▶ [Task details]
The material below holds pictures, which are to be left out; copy exactly the lines from the one with "32 Hope Drive, Blue Ridge GA 30513 - Photo" through the one with "Studio Unit in Amisa Private Residences".

▶ [Provided records]
=== Section Start ===
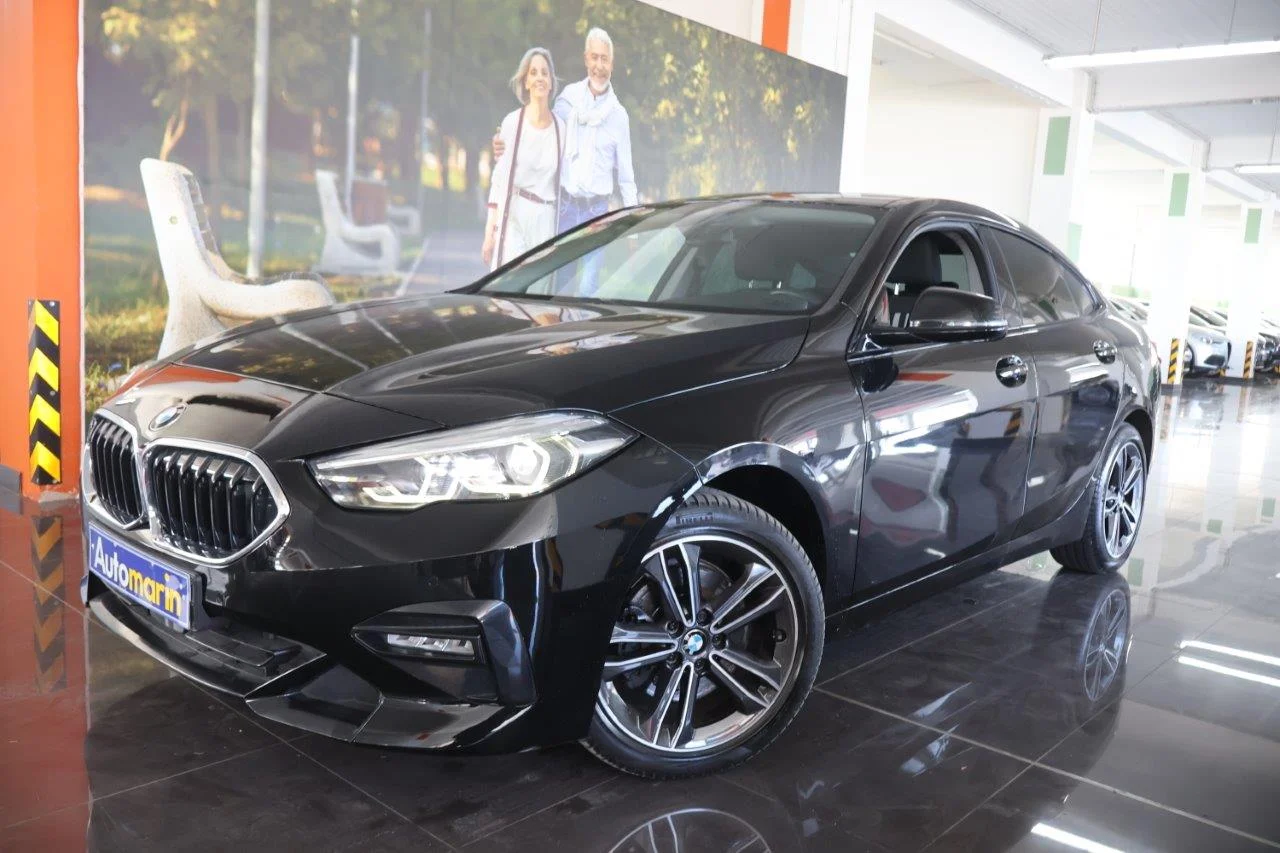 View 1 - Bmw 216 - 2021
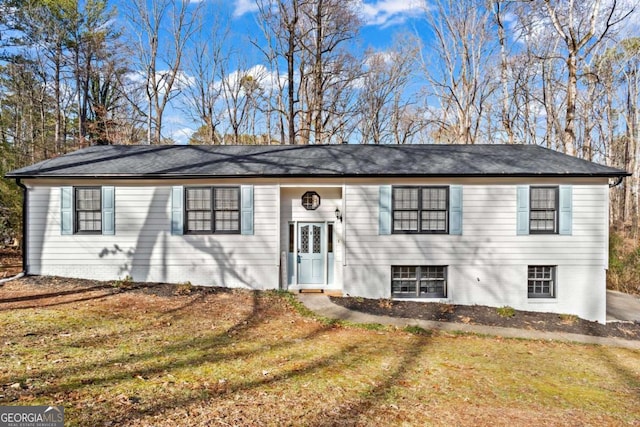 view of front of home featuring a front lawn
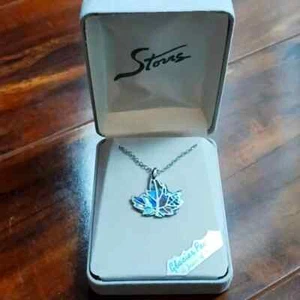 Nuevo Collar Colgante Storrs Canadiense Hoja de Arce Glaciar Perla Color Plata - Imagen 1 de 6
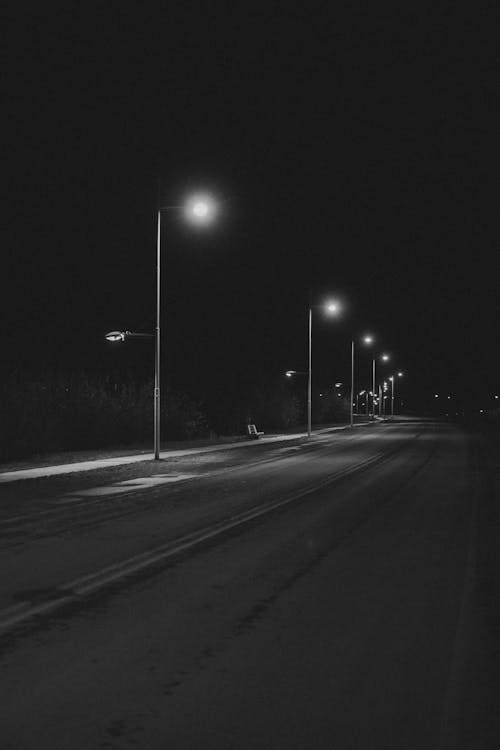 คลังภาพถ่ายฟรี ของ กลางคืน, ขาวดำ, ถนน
=== Section End ===
=== Section Start ===
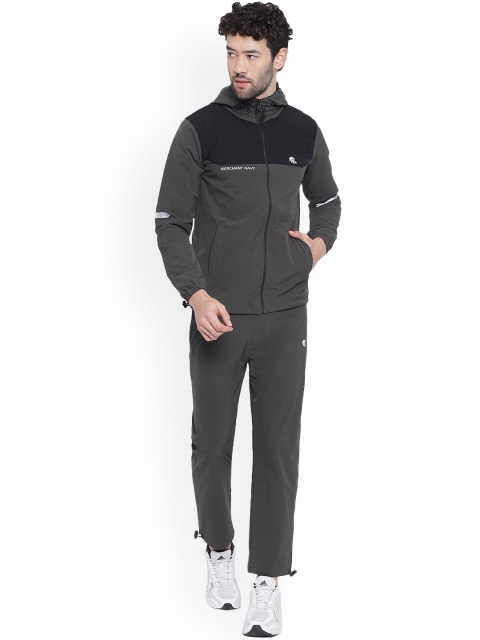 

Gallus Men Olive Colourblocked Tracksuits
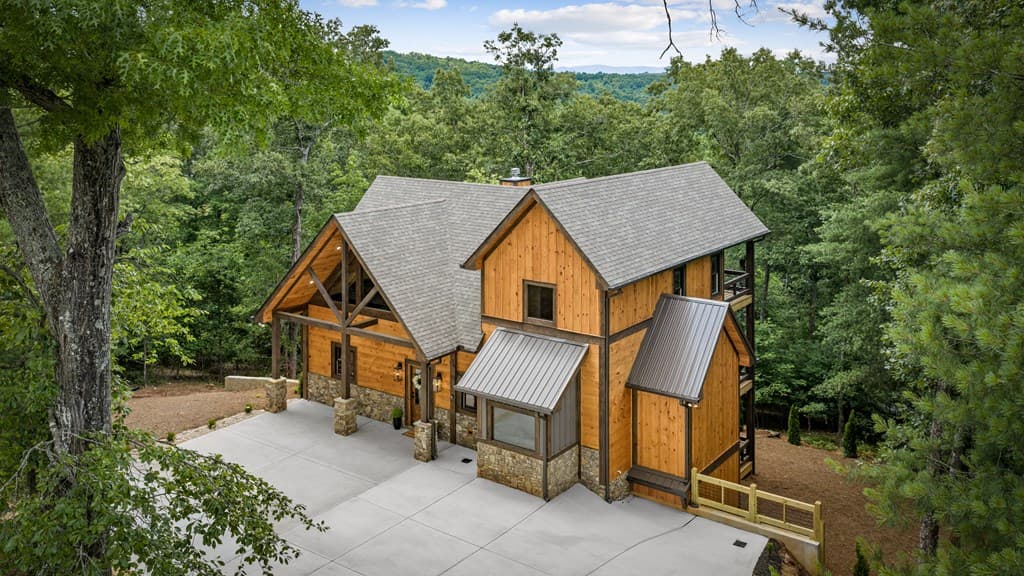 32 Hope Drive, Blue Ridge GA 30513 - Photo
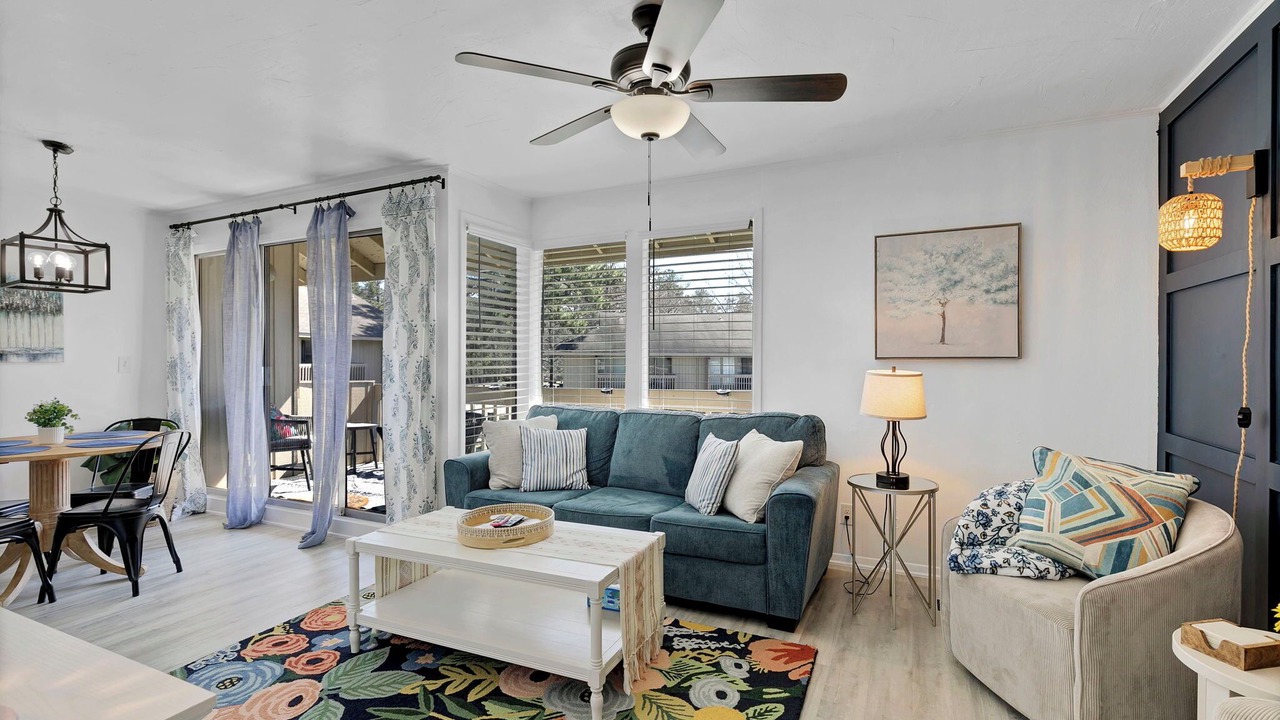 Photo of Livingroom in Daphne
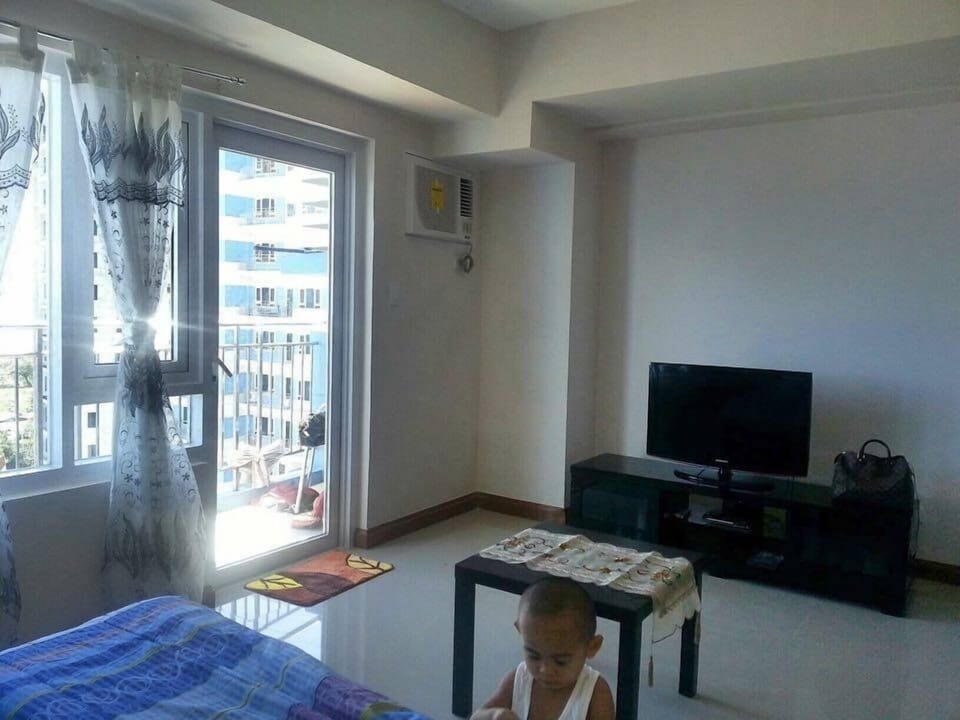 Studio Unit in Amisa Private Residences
=== Section End ===
▶ [The answer]
 32 Hope Drive, Blue Ridge GA 30513 - Photo
 Photo of Livingroom in Daphne
 Studio Unit in Amisa Private Residences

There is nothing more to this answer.